This is a little hybrid post.
1. Thank you all for your response to fresh abloom. I have been waiting for the right time to write about depression, so the kind words were affirming.
2. I just started reading Eating Animals by Jonathan Safran Foer, one of my favorite modern authors. Once I’ve finished I’ll probably blog about food, vegetarianism, animals, God, humanity, or a combination of these. Be on the lookout for that! (Disclaimer: I love meat.)
3. Three weeks is all I have left of my internship at Bethany Christian Services. The ESL classes just ended, and I will miss my students/friends greatly. I may post about this as well.

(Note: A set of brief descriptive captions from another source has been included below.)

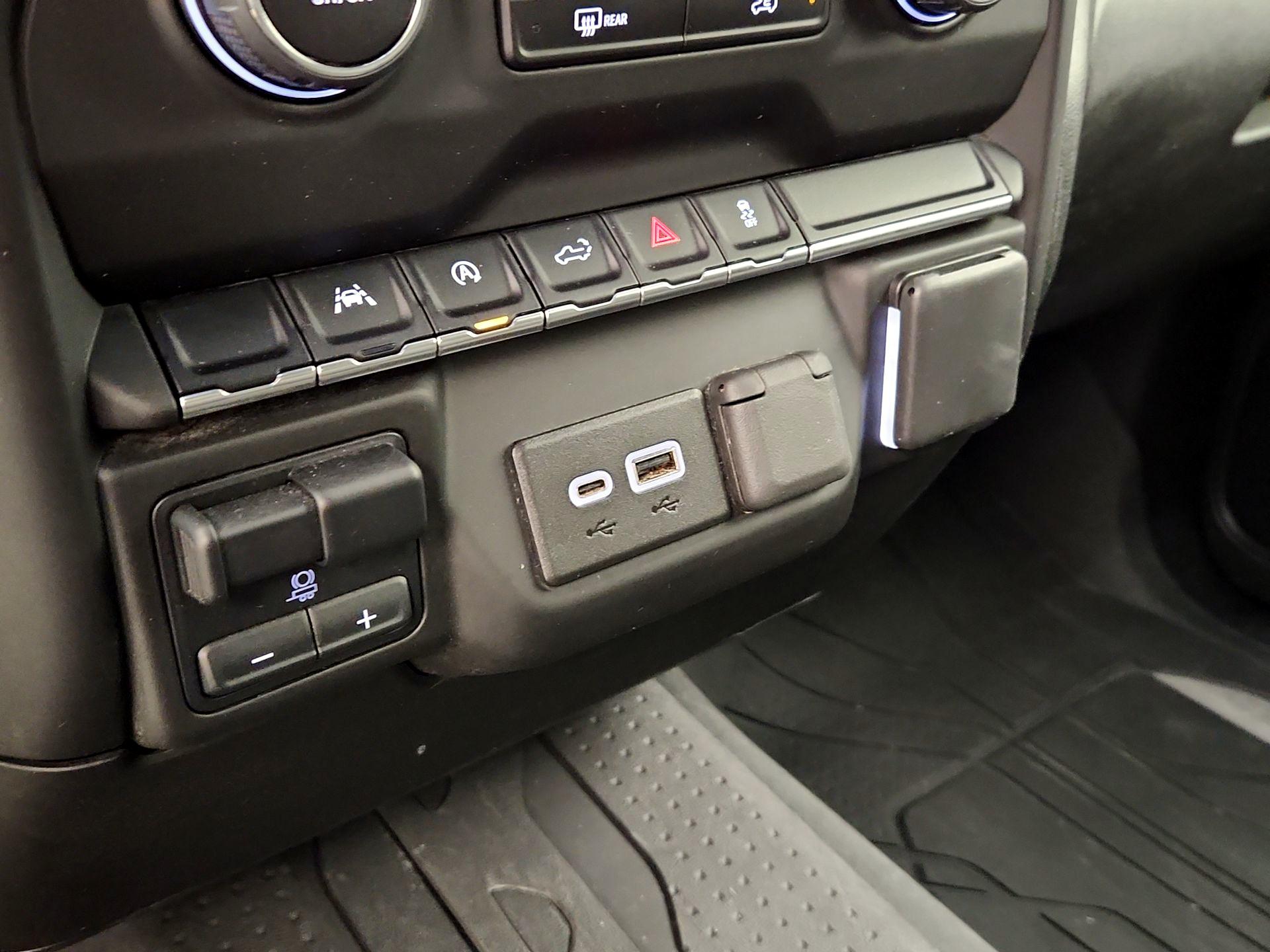 Thumbnail: 2023 Chevrolet Silverado 1500 - 18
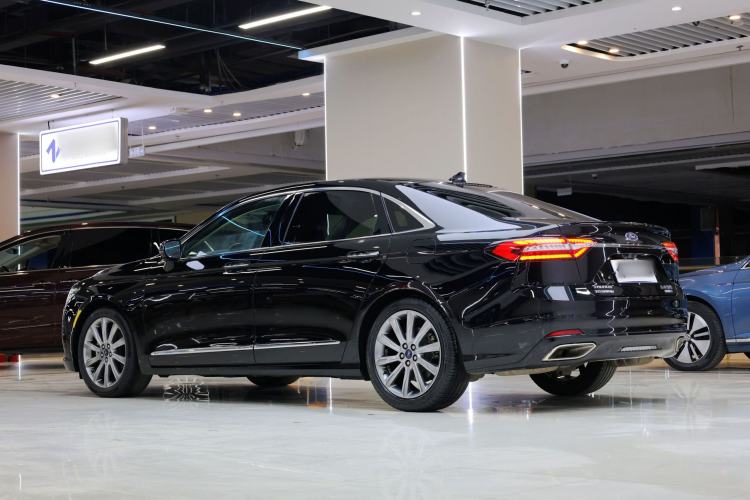 Used Ford Taurus 2019 EcoBoost 245 Premium Edition
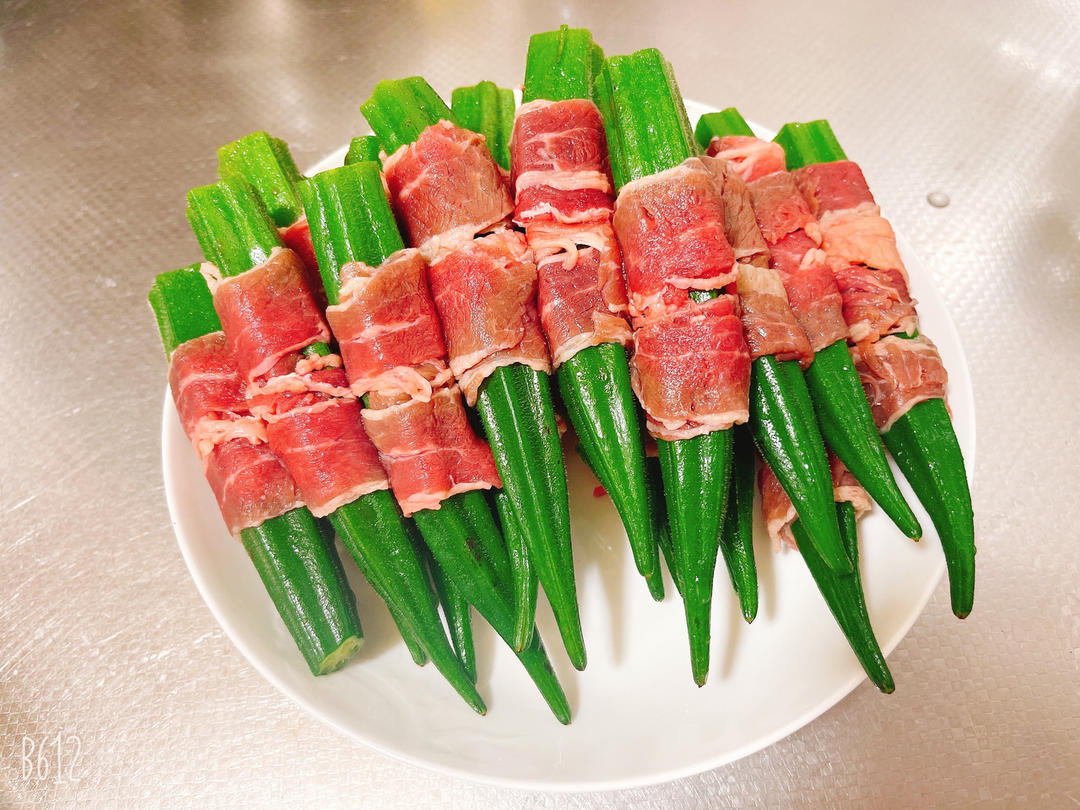 秋葵牛肉卷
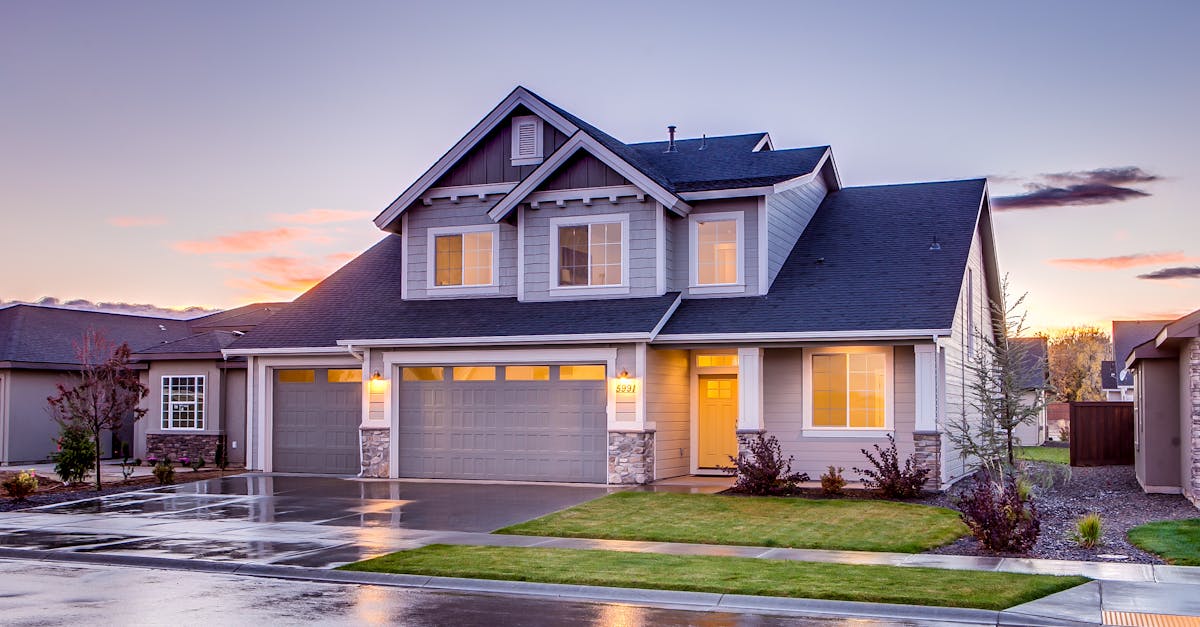 Is it okay to put shingles on a wet roof?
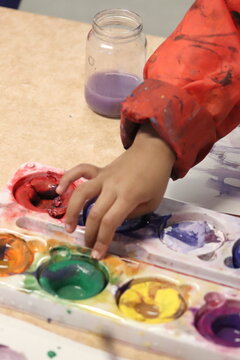 Children paint with paint.  Children are painting. Image lesson for preschool children.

4. In the mean time, here is a very short essay I used in one of my college applications a while ago:
I am not, by any means, a dictionary-thumping defender of the English language or even a potential English major, but I do have boundaries. I am more sensitive to certain aspects of spoken language than most of my classmates. My dad was raised in Virginia, my mother in New York, and my sister and I in Manchester, New Hampshire. While I lived in New Hampshire, I was endlessly irked by the locals’ tendency to throw r’s onto words like “Asia,” making it “A-zhur.” Now that I’m in Michigan, I’ve noticed some pronunciation mixups of the Midwest such as, “He drove acrosst my yard.” I normally let it slide, but I occasionally feel the need to gently suggest a t-removal procedure. Since these trifles get under my skin, it makes me happy when a perceptive person hears me speak and asks afterwards, “Where are you from?”